Denver's public campaign financing propped up weak candidates
Denver gave more than $1.7 million in taxpayer money to candidates who had no chance of winning their respective races in this month's municipal election.
State of play: The bulk of it — $1.4 million — went to nine mayoral candidates who each failed to reach 5% of the vote, an Axios Denver analysis finds.
- An additional $361,000 landed in the coffers of six city council candidates who finished far behind the winners and received about 10% support or less.
Why it matters: The April 4 election served as the inaugural test for the city's new public campaign financing — an $8 million, voter-approved program designed to minimize the impact of big-dollar donors in local politics and level the playing fields.

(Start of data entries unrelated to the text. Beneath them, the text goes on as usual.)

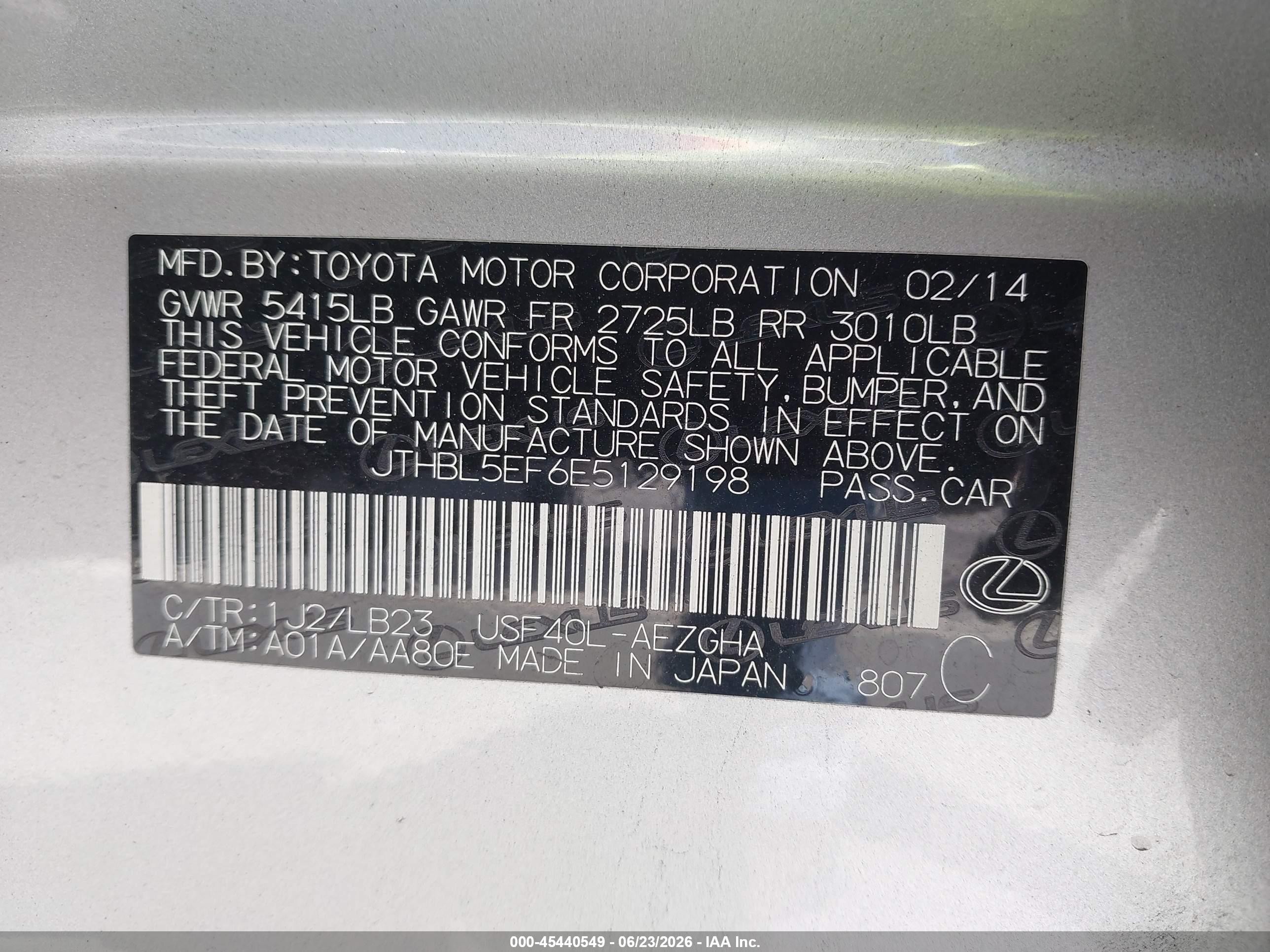 2014 Lexus Ls 460   Silver vin: JTHBL5EF6E5129198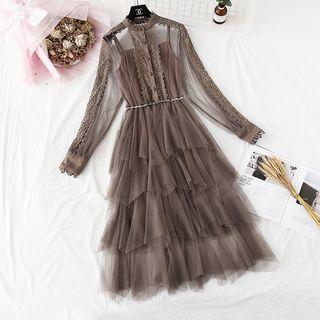 Crochet Applique Layered Mesh Midi Dress
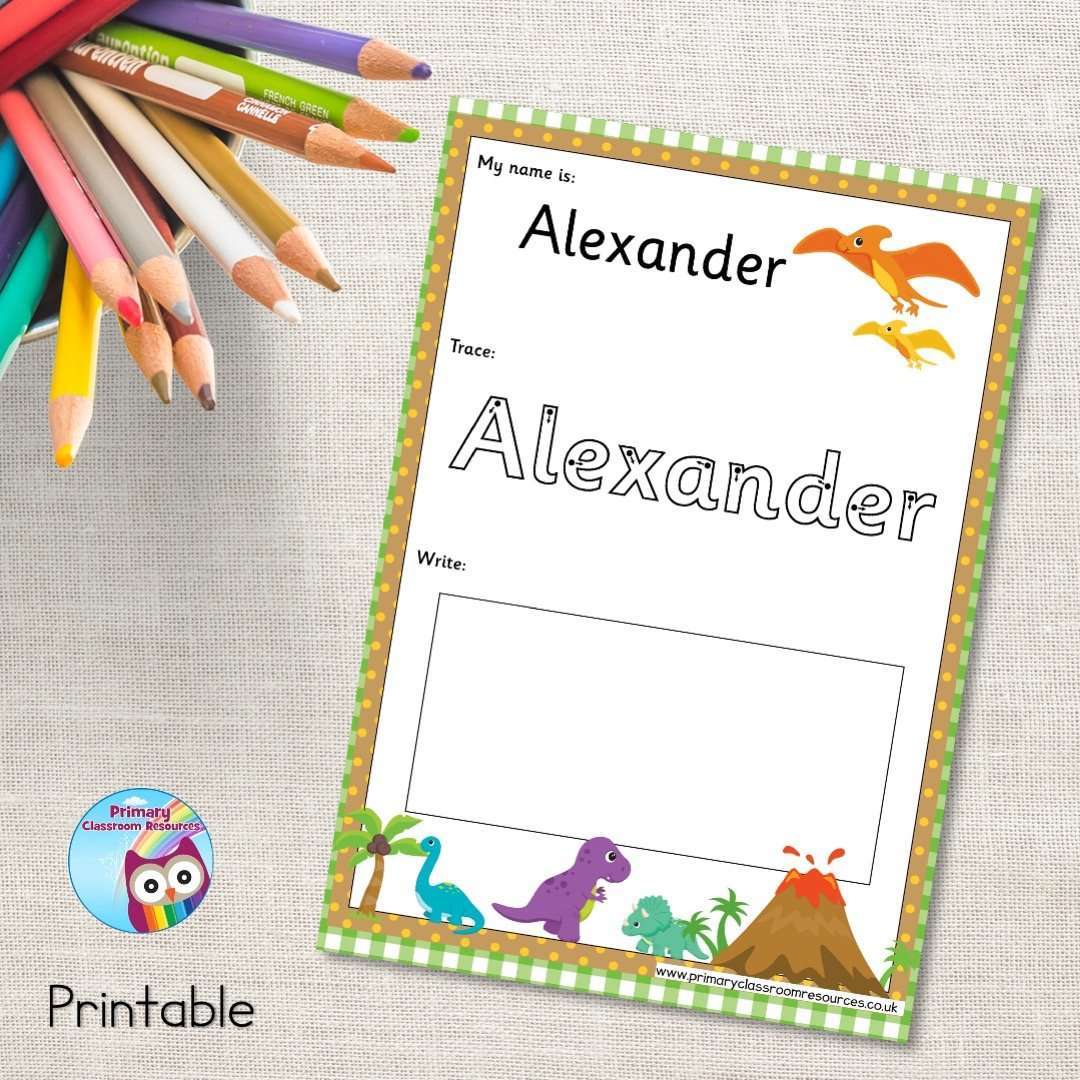 EDITABLE Name Writing Cards - Dinosaurs:Primary Classroom Resources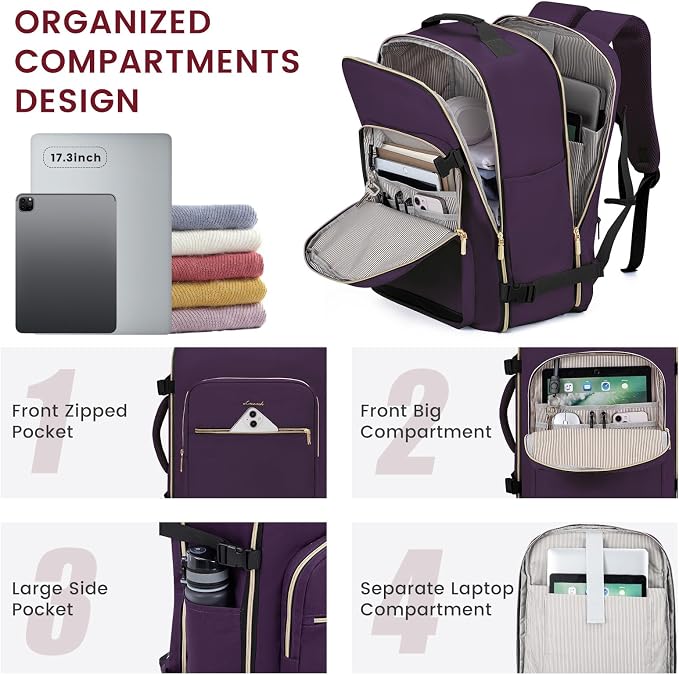 LOVEVOOK 50L Large Travel Backpack for Women Men Fits 17 Inch Laptop, Carry on Backpack for Traveling on Airplane, Personal Item Bag Airline Approved, Business Causal Weekender Backpacks - Image 4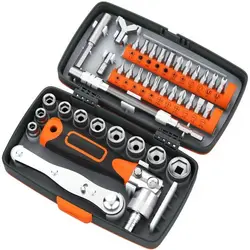 38 in 1 Screwdriver Set Retractable Household Multifunctional Plum Shaped Rice Word Ratchet Screwdriver Box 1 Set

Yes, but: In all but one race, the candidates who raised the most money from individual contributors won or advanced to the June runoff.
- The exception was the at-large city council race, but the second-highest fundraiser did win a seat.
Between the lines: Millions in "Fair Elections Fund" dollars supported mayoral candidates who were backed by super PACs and wealthy donors.
- Moreover, incumbents with no legitimate challenger took huge sums, and $188,000 went to a candidate who dropped out of the mayor's race weeks before the vote.
Of note: The candidates who received public dollars must track their spending and refund any unspent portion. But there are few limits on how they can spend the money.
- So far, five candidates have returned a total of $188,000, Denver election officials tell us.
What they're saying: "It's too bad that some of those races did go to the top money raisers," said Owen Perkins at CleanSlateNow Action, an organization that supported the public financing program. "That is going to lead people and future candidates to think that money is the be-all and end-all, and that's too bad."
- Still, he considers it a success because it led to a larger candidate field and "many great choices" for mayor. "I thought it achieved the goals we set to make access to the ballot more equitable," he said in an interview.
Be smart: The fund allows candidates to seek matching dollars for donations of $50 or less at a ratio of 9 to 1.
- That means a candidate who gets a $50 contribution qualifies for $450 in public money. To participate, the candidates must agree to cap individual donations at $500, instead of the typical $1,000.
Zoom in: Council member Kevin Flynn initially opposed public financing and believes it attracted people to run for mayor who "had no realistic path" to win.
- Flynn took the maximum $125,000 public match and easily won. It amounted to 74% of all campaign money he received.
- He told us the public money — along with connections made in prior elections — allowed him to spend less time fundraising.
The other side: Andy Rougeot, who self-funded his mayoral bid with $850,000, criticized his rivals for using the public financing system during the campaign, saying it was "ridiculous to see our taxpayer dollars going to this."
- He finished fourth with 11.5% of the vote.
What to watch: The candidates who received public financing and advanced to the June 6 runoff will get more money as early as this week — a lump sum payment equal to 25% of all their qualifying contributions.